Problem to work on:
The copy should hold exactly the lines below from the one that contains "We are selecting" through the one that contains "Hello and welcome" and nothing else, so no pictures.

Dataset records:
========================================================================

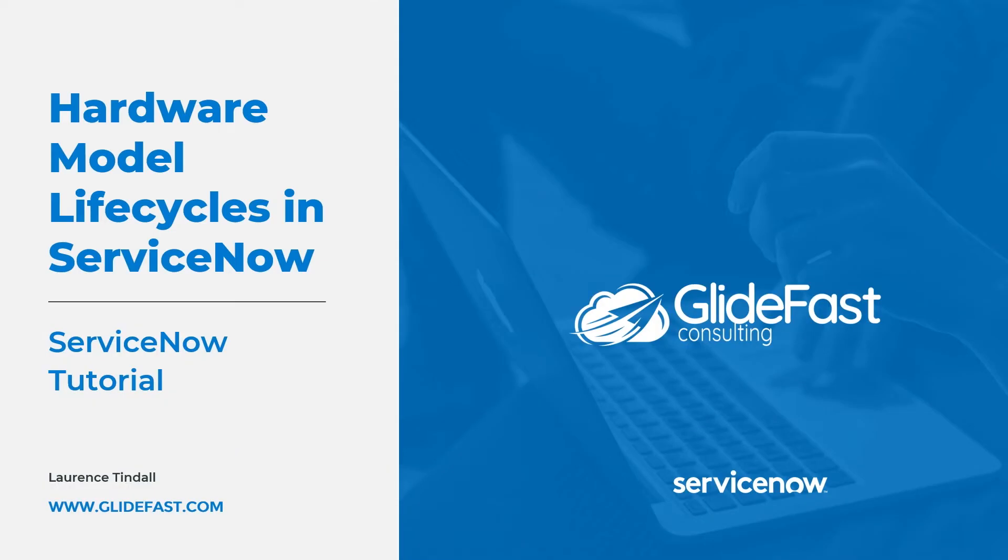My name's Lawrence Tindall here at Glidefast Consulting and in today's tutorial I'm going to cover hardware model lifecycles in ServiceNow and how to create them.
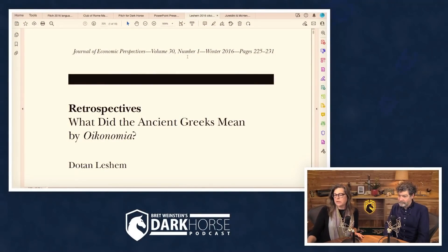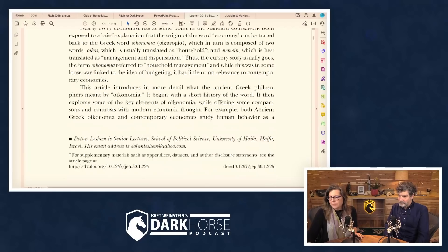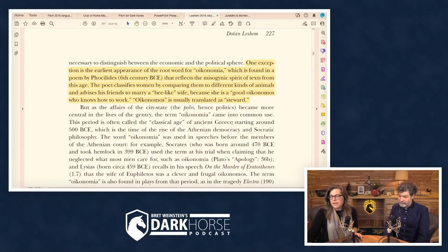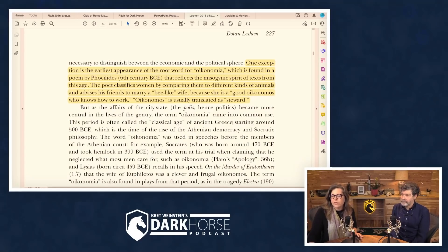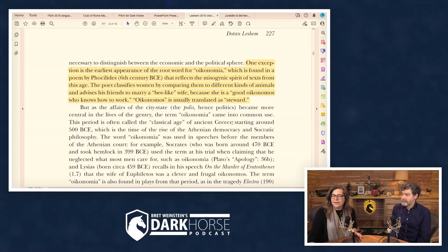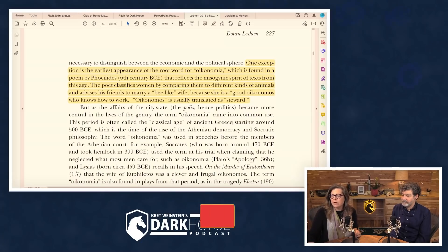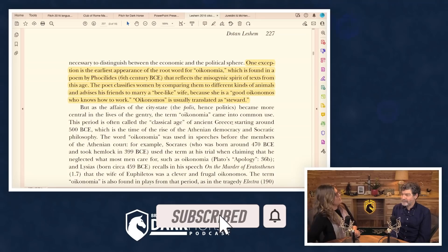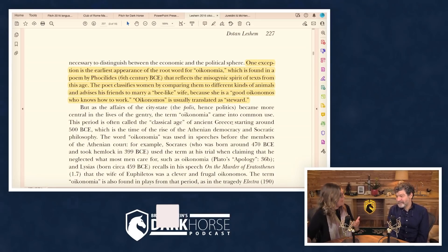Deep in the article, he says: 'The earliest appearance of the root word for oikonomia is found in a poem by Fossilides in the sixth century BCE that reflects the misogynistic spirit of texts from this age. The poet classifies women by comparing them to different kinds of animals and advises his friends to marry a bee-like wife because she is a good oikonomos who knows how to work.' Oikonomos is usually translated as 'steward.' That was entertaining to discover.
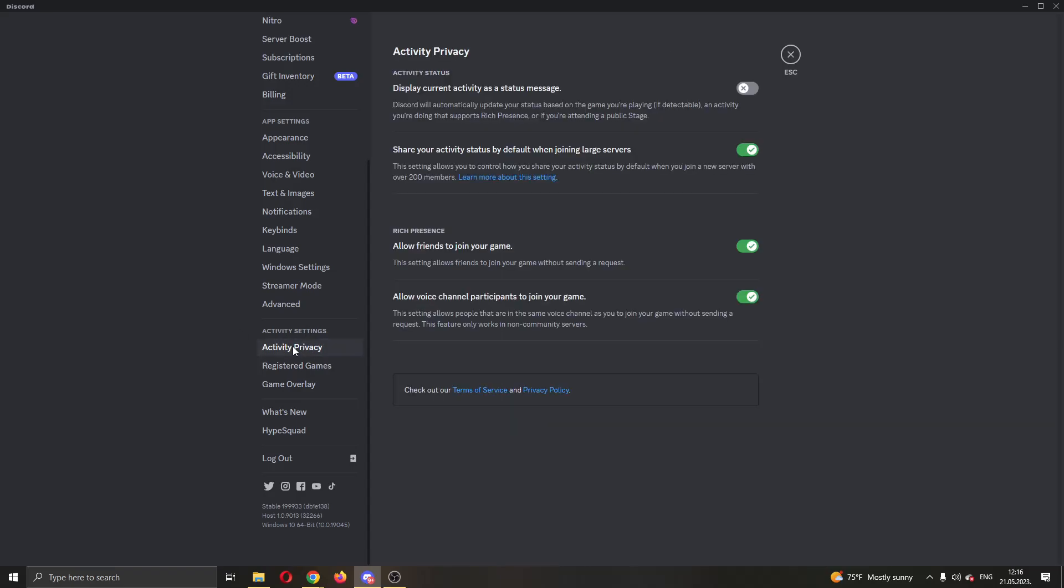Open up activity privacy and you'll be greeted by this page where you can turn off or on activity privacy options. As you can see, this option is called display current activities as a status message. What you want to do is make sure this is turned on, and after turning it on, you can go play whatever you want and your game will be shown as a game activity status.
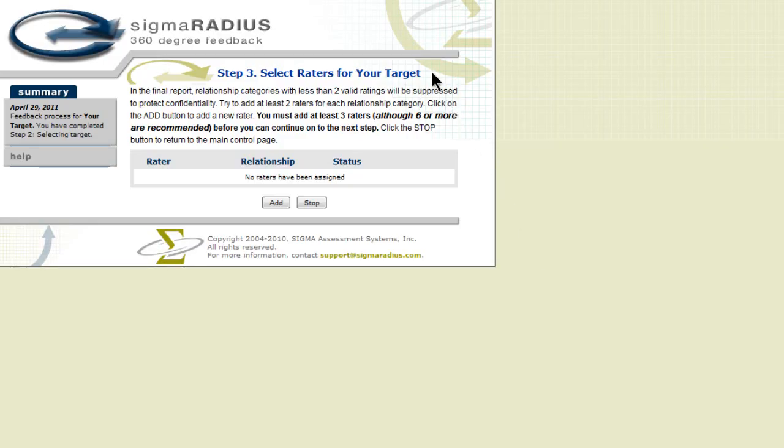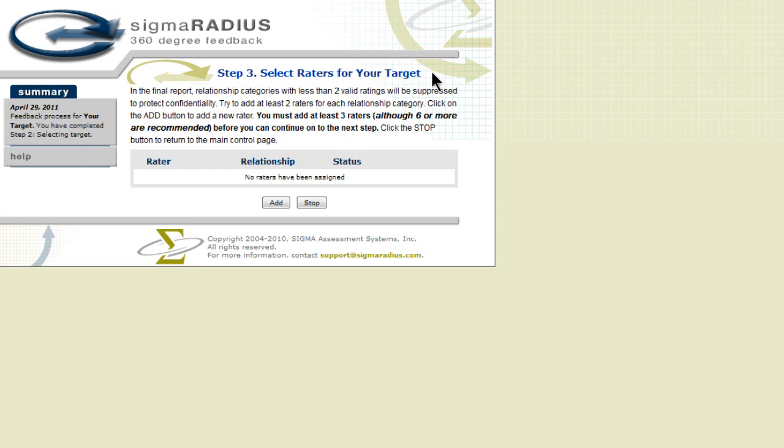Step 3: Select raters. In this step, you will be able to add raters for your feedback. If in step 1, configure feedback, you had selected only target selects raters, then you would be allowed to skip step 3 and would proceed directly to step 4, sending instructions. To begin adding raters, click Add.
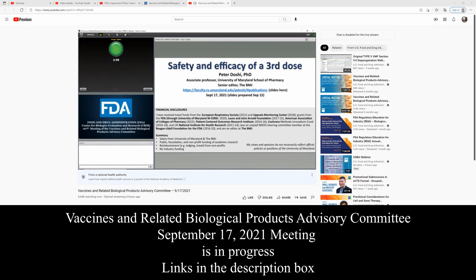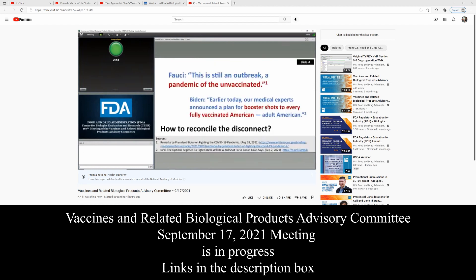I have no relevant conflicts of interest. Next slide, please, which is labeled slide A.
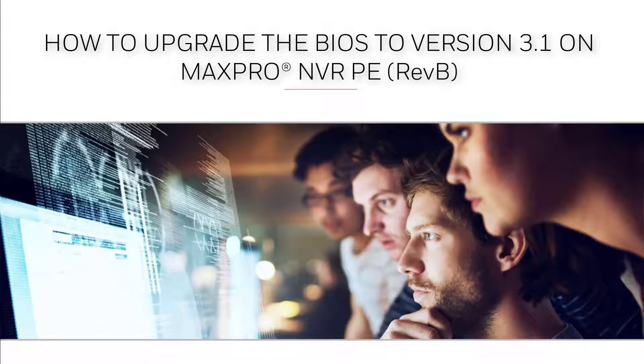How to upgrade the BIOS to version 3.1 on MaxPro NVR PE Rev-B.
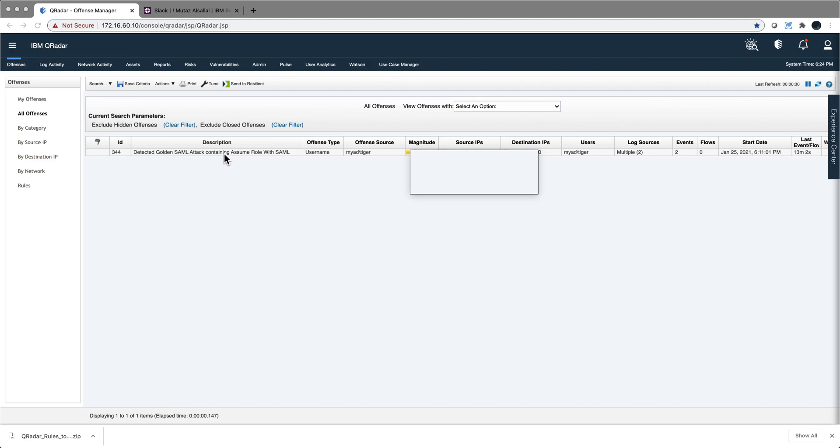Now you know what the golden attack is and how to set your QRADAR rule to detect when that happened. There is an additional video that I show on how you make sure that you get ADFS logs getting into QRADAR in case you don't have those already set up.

========================================================================

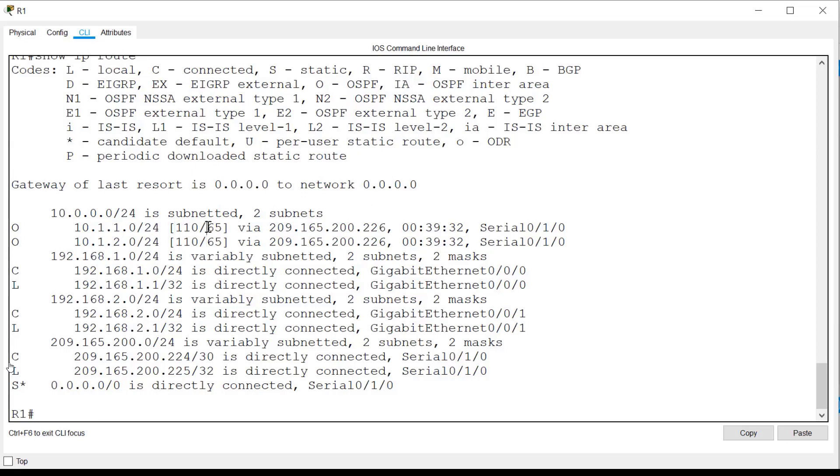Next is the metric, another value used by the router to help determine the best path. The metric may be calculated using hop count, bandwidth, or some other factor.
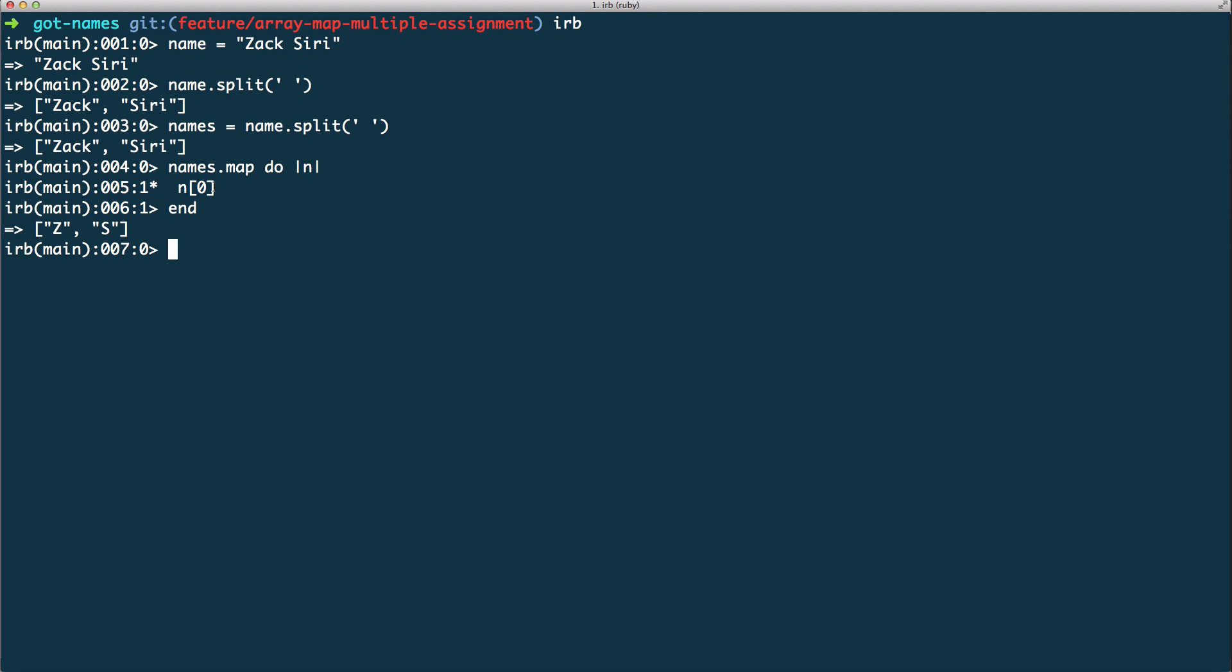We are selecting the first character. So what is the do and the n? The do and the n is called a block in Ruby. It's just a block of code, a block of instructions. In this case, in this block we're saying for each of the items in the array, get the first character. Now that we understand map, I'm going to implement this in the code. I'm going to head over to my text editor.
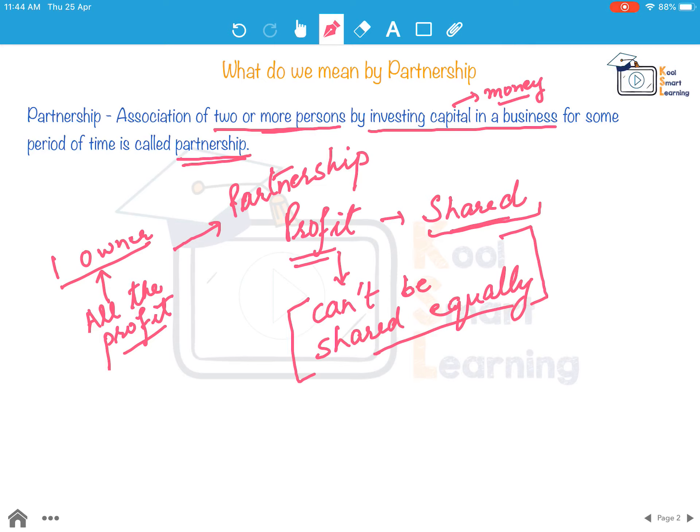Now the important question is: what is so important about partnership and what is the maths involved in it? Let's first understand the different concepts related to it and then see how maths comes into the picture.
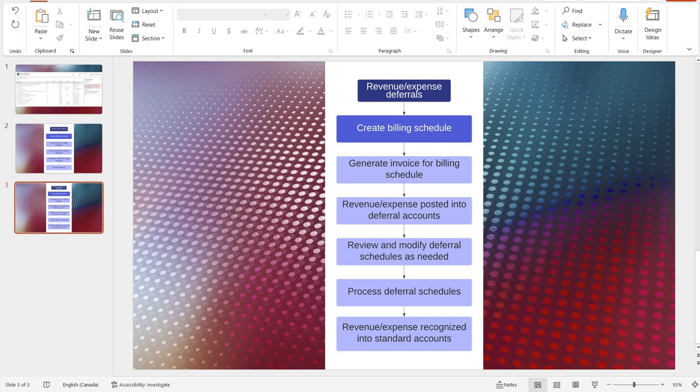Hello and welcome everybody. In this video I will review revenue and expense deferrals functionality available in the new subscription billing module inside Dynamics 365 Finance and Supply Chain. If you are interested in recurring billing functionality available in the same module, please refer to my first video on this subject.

========================================================================

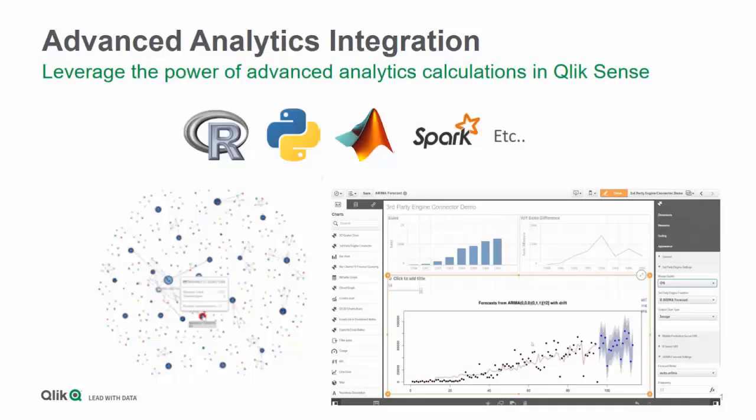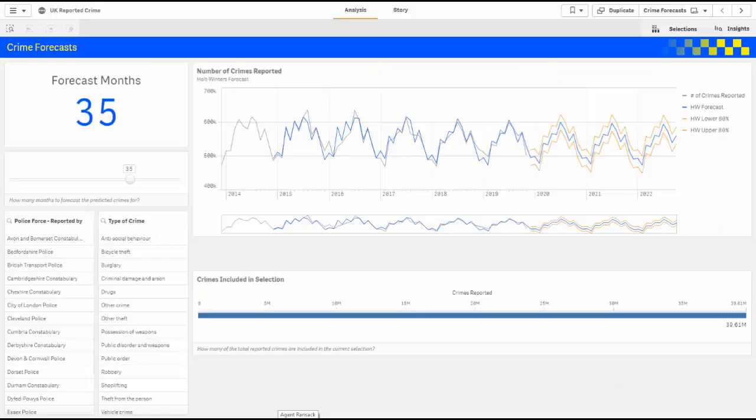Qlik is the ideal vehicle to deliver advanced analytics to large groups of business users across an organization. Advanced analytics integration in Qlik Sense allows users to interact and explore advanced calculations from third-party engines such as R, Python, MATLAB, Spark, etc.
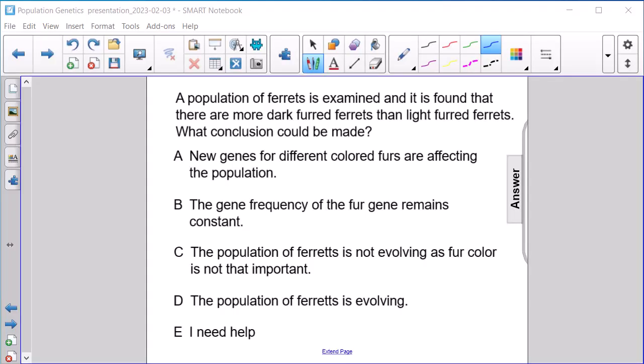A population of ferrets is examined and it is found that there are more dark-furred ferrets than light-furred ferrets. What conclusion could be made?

========================================================================

Task solution:
We are selecting the first character. So what is the do and the n? The do and the n is called a block in Ruby. It's just a block of code, a block of instructions. In this case, in this block we're saying for each of the items in the array, get the first character. Now that we understand map, I'm going to implement this in the code. I'm going to head over to my text editor.
Now the important question is: what is so important about partnership and what is the maths involved in it? Let's first understand the different concepts related to it and then see how maths comes into the picture.
Hello and welcome everybody. In this video I will review revenue and expense deferrals functionality available in the new subscription billing module inside Dynamics 365 Finance and Supply Chain. If you are interested in recurring billing functionality available in the same module, please refer to my first video on this subject.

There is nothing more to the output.